What the task requires ::
Below is a listing to write out in full, exactly as given, without its pictures.

(Information provided)

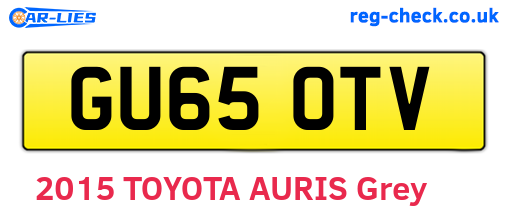 GU65OTV are the vehicle registration plates.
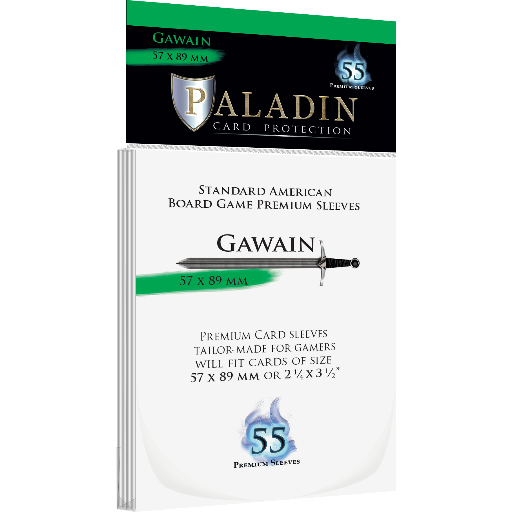 [GAW-CLR] Paladin Sleeves - Gawain Premium Standard American 57x89mm (55 Sleeves)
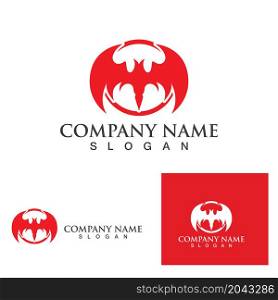 bat vector icon logo template illustration design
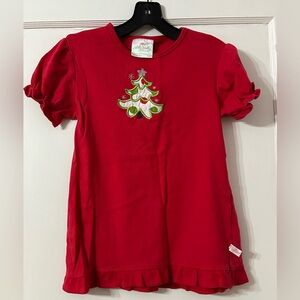Size 12 Lollywolly Doodle Girl’s Christmas Shirt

(End Information provided)

Result for this task ::
 GU65OTV are the vehicle registration plates.
 [GAW-CLR] Paladin Sleeves - Gawain Premium Standard American 57x89mm (55 Sleeves)
 bat vector icon logo template illustration design
Size 12 Lollywolly Doodle Girl’s Christmas Shirt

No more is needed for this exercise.